FIG. 4 shows a block diagram for an example comparator-based overshoot dampening circuit 400 in a voltage regulator. The overshoot dampening circuit 400 utilize two comparators that continually monitor for two respective fault conditions in place of current and voltage feedback loops. The outputs of the two comparators are logically OR'd together, allowing the circuit to respond appropriately if either of the fault conditions is detected. The first comparator compares VDD to a reference dropout voltage, and the second comparator compares VDD to VOUT.

A first offset voltage circuit VOS1 474 has an input coupled to VDD 402 and an output coupled to a first input of comparator 1 480. A second input of comparator 1 480 is coupled to a reference voltage terminal 404. A second offset voltage circuit VOS2 476 has an input coupled to VDD 402 and an output coupled to a first input of comparator 2 482. A second input of comparator 2 482 is coupled to an output voltage terminal VOUT 460. The output of comparator 1 480 is coupled to a first input of OR gate 484. The output of comparator 2 482 is coupled to a second input of OR gate 484.

The output of OR gate 484 is coupled to an input of transistor turn-off circuit 486. An output of transistor turn-off circuit 486 is coupled to the control terminal of the regulator pass transistor (e.g. 230). When the output of OR gate 484 goes high, the output of the transistor turn-off circuit 486 goes high causing the regulator pass transistor to turn off. The output of OR gate 484 is also coupled to the input of a one-shot falling edge detector 488. After the output of OR gate 484 has gone high, the one-shot falling edge detector 488 monitors the output of OR gate 484 for a falling edge. A falling edge on the output of OR gate 484 indicates that the fault conditions that caused it to go high have ceased. In response to detecting a falling edge on the output of OR gate 484, an output of the one-shot falling edge detector 488 provides a signal to the pulse generator circuit 490. The pulse generator circuit 490 sends a pulse to the input of reference discharge circuit 492 triggering a discharge of the reference voltage. When the reference voltage is discharged, a signal is sent to the regulator startup circuit 494 which initiates a reset and restart of the voltage regulator.
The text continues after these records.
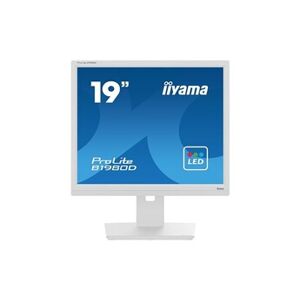 Iiyama ProLite B1980D-W5 - Ecran LED - 19" - 1280 x 1024 @ 60 Hz - TN - 250 cd/m² - 1000:1 - 5 ms - DVI, VGA - blanc mat - Publicité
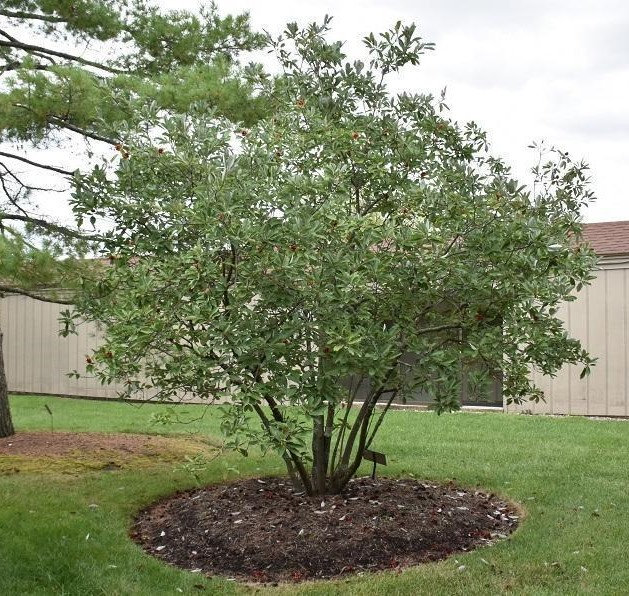 Magnolia virginiana Sweet Bay Magnolia DMF Gardens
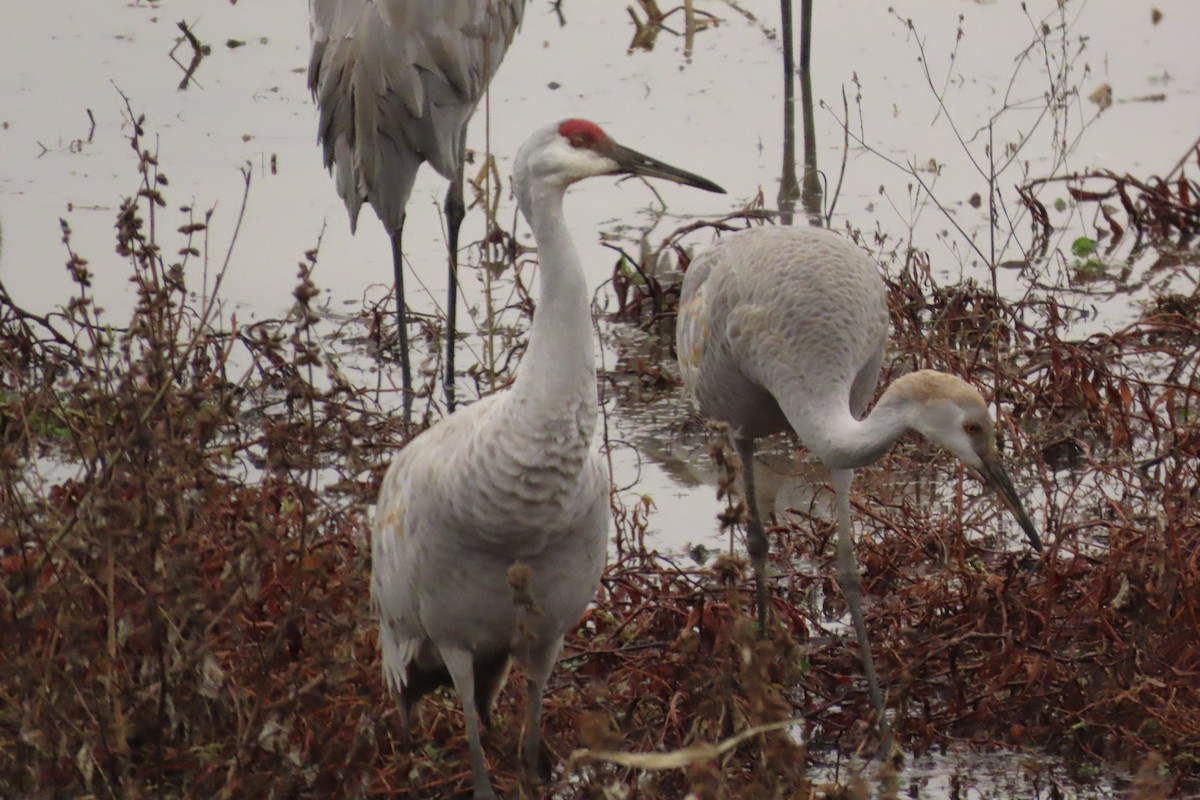 Sandhill Crane - ML646525849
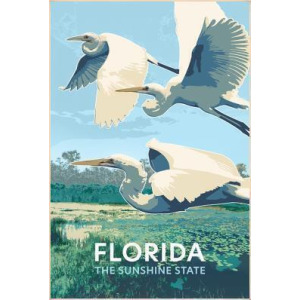Flying Florida Egrets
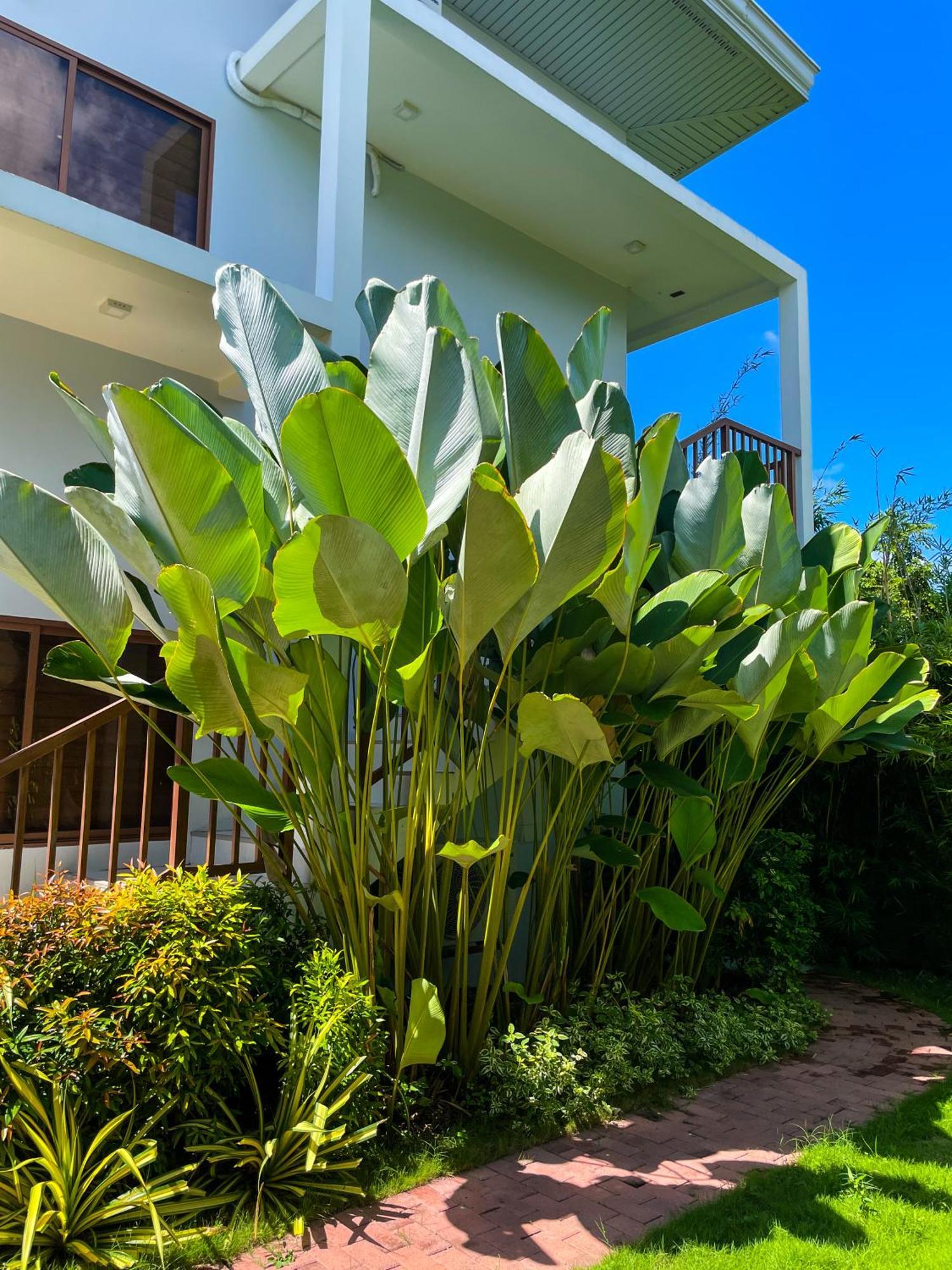 Red Picnic Hostel Đảo Panglao Ngoại thất bức ảnh
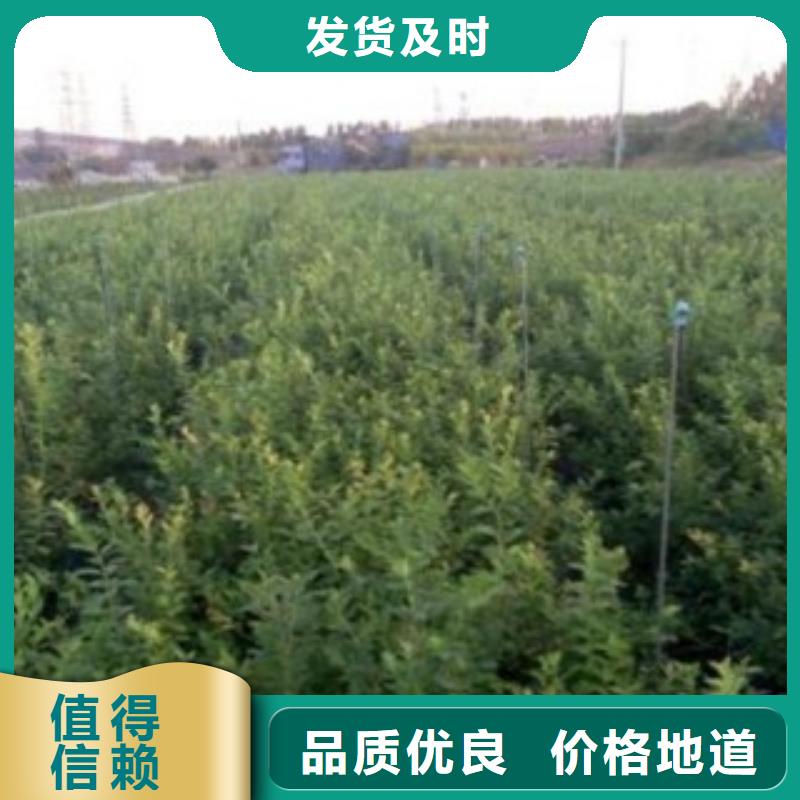 斯巴坦蓝莓树苗病虫防治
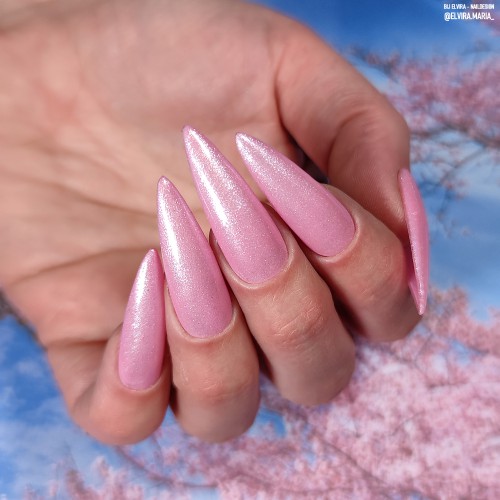 Flower Petals 5ml | Abstract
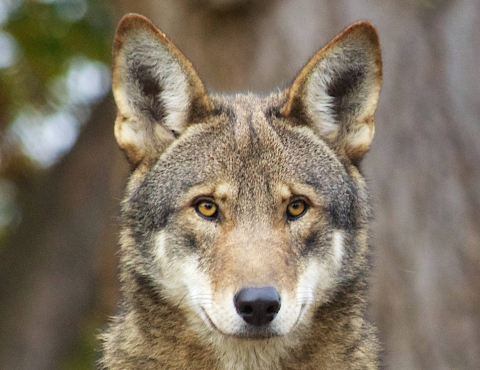 Red wolf face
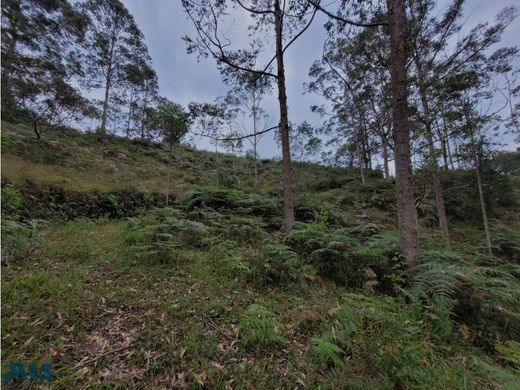 토지 / Guarne, Departamento de Antioquia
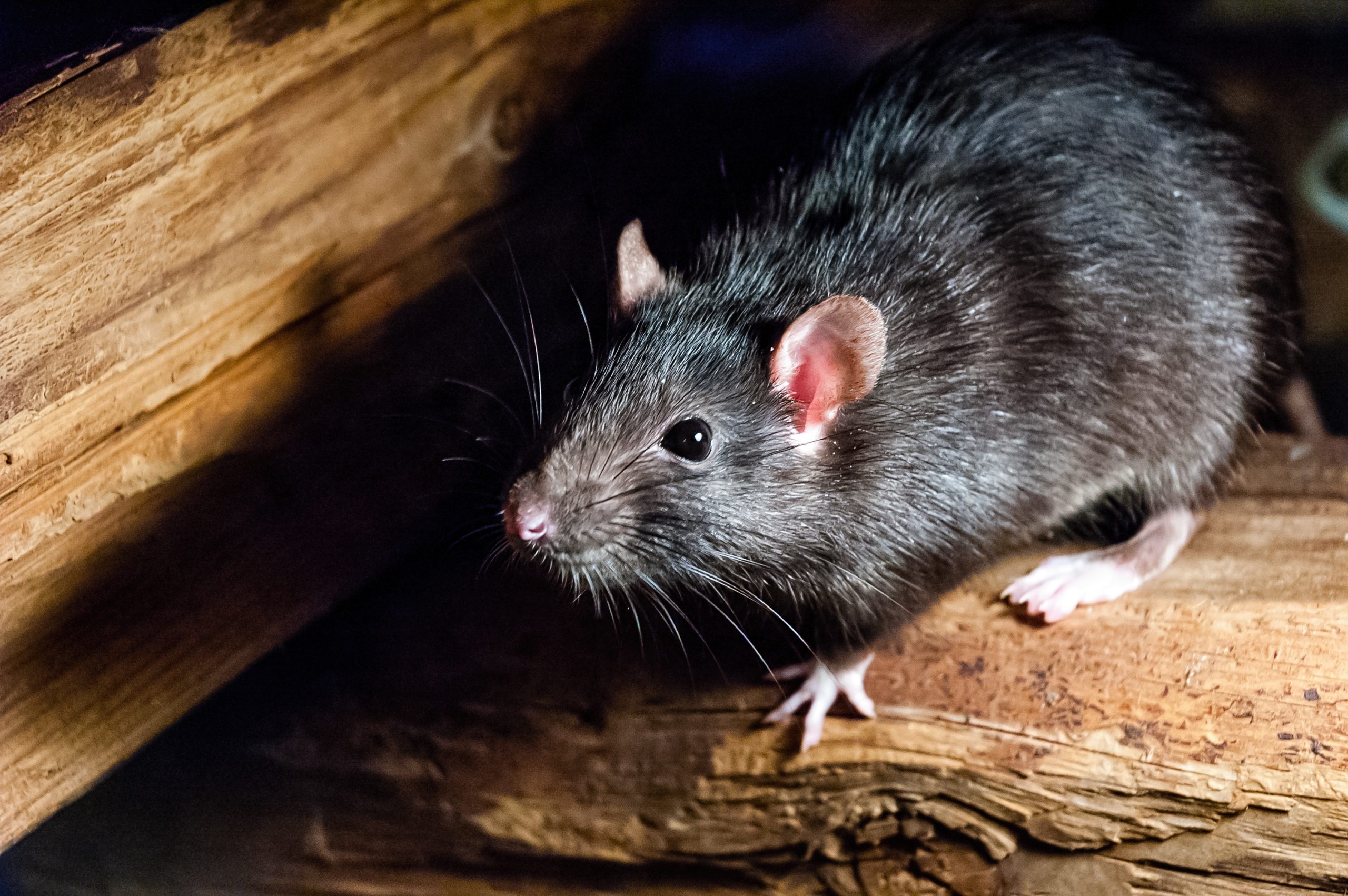 Tipos de ratos: você conhece todos?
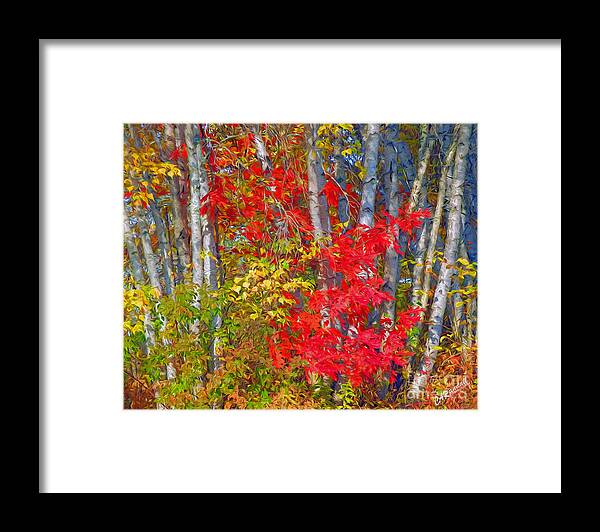  Framed Print featuring the photograph Fall Palette by Carol Randall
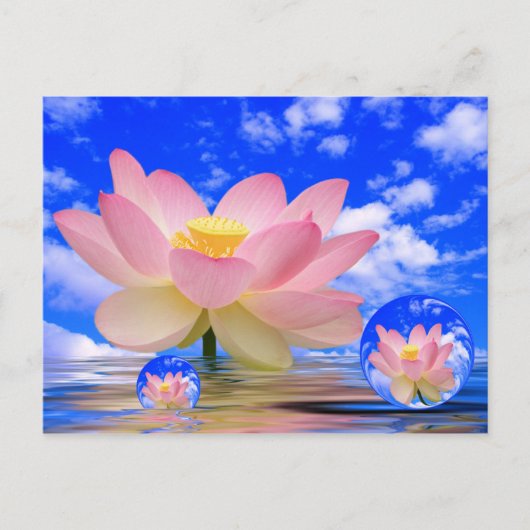Lotus Flower Geboren in water Briefkaart (Voorkant)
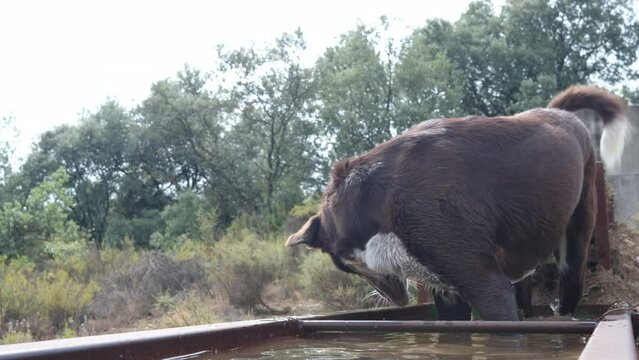 Mi película, perro en bebedor sacudi&eacute;ndose y saliendo. ba&ntilde;o en bebedor de la monta&ntilde;a. Calor despu&eacute;s  del paseo, perro que se refresca.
A first offset voltage VOS1 474 is added to VDD 402, and the sum is provided as a first input to comparator 1 480. Comparator 1 480 compares the sum of VDD 402 plus VOS1 474 to a reference voltage VREF 404 and provides a high signal at the output of comparator 1 if the reference voltage VREF 404 is larger than the sum of VDD 402 and VOS1 474.

A second offset voltage VOS2 476 is added to VDD 402, and the sum is provided as a first input to comparator 2 482. Comparator 2 482 compares VDD 402 plus VOS2 476 to the output voltage VOUT 460, and provides a high signal at the output of comparator 2 if VOUT 460 is larger than the sum of VDD 402 and VOS2 476.

Comparator 1 480 and comparator 2 482 each have an offset voltage added to VDD 402 as a first input, but the two offset voltages are different. VOS1 474 is a lower voltage than VOS2 476 to avoid impacting the operation of the circuit during normal operating conditions. The output of comparator 1 480 will be high if VDD−VREF is less than VOS1. The output of comparator 2 482 will be high if VDD−VOUT is less than VOS2. The outputs of comparator 1 480 and comparator 2 482 are coupled to the inputs of OR gate 484. If the output of either comparator 1 480 or comparator 2 482 is high, the output of OR gate 484 will be high.

Comparator 1 480 can detect a problem that sometimes occurs when the reference voltage VREF 404 is filtered by a large capacitor and the voltage at VDD 402 drops. In this case, the reference voltage VREF 404 will not be completely pulled down to the value of VDD 402 due to the residual charge on the capacitor, and reference voltage VREF 404 will remain higher than VDD 402. In this situation, VDD 402 is at a higher voltage than VOUT 460. So, when the voltage at VDD 402 recovers, the voltage regulator may go into a dropout condition. Comparator 1 480 monitors the voltage difference between VDD 402 and VREF 404. If the voltage at VDD 402 drops and VDD−VREF is less than VOS1, the output of comparator 1 will go high.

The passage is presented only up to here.